## RECORDS SUPPLIED
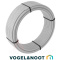 Vogel&Noot Floortec Alu-Verbund Rohr 20x2 200lfm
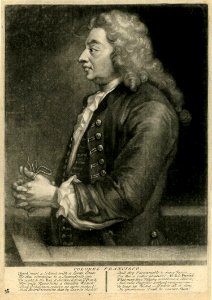 Colonel Francisco by George White
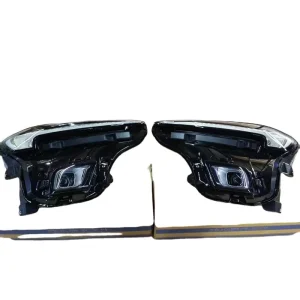 Automotive Lighting Car Halogen Xenon Headlights 42854415 42854418 for Encore GX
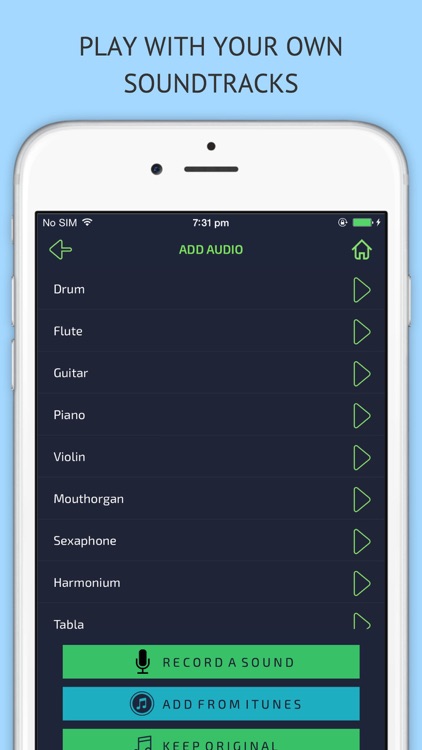 RewindLife screenshot-3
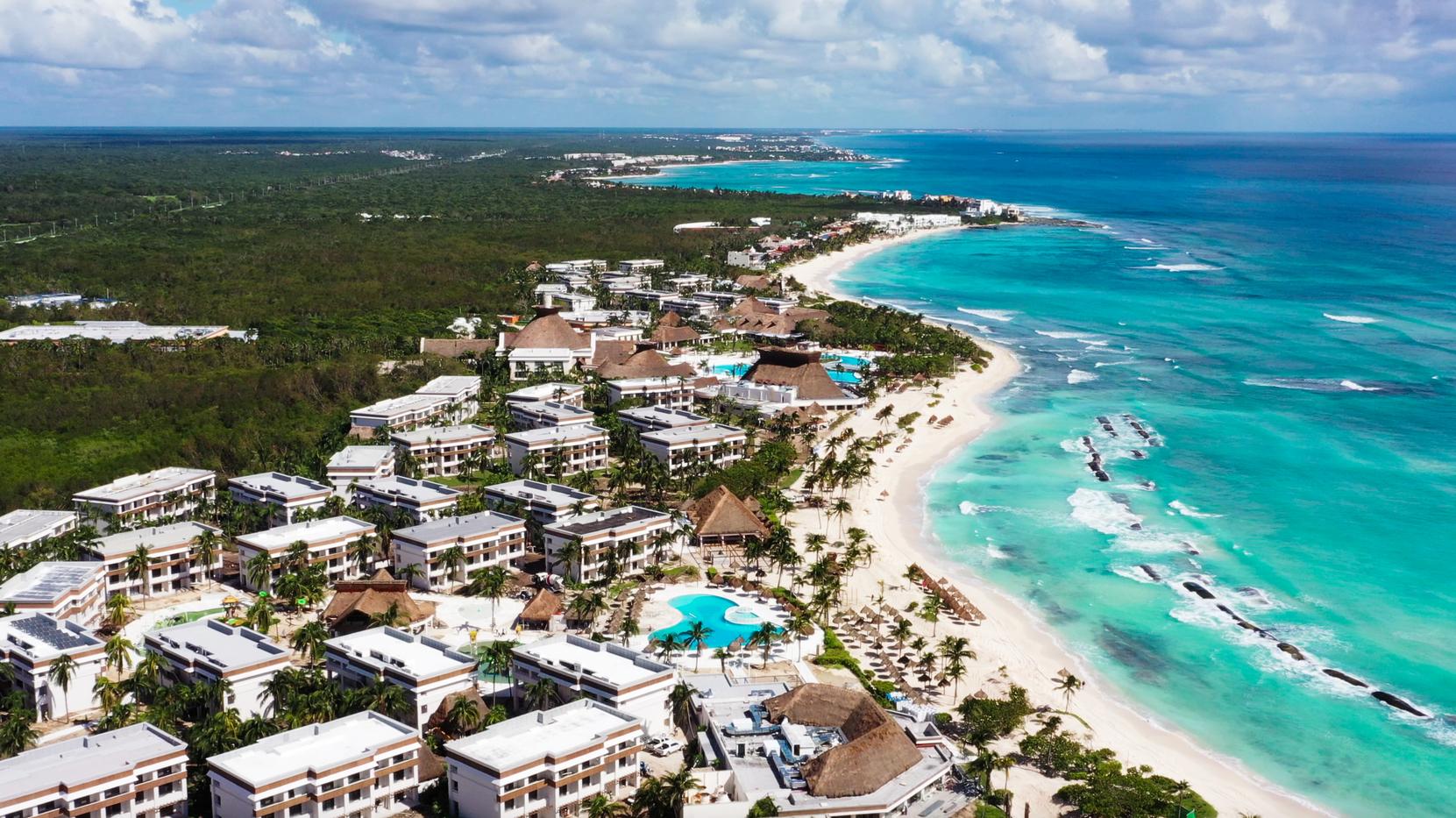 Resort Bahia Principe Grand Tulum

## TASK BRIEF
Skip every picture, and give the rest of the material above again exactly.

## ANSWER BOX
 Vogel&Noot Floortec Alu-Verbund Rohr 20x2 200lfm
 Colonel Francisco by George White
 Automotive Lighting Car Halogen Xenon Headlights 42854415 42854418 for Encore GX
 RewindLife screenshot-3
 Resort Bahia Principe Grand Tulum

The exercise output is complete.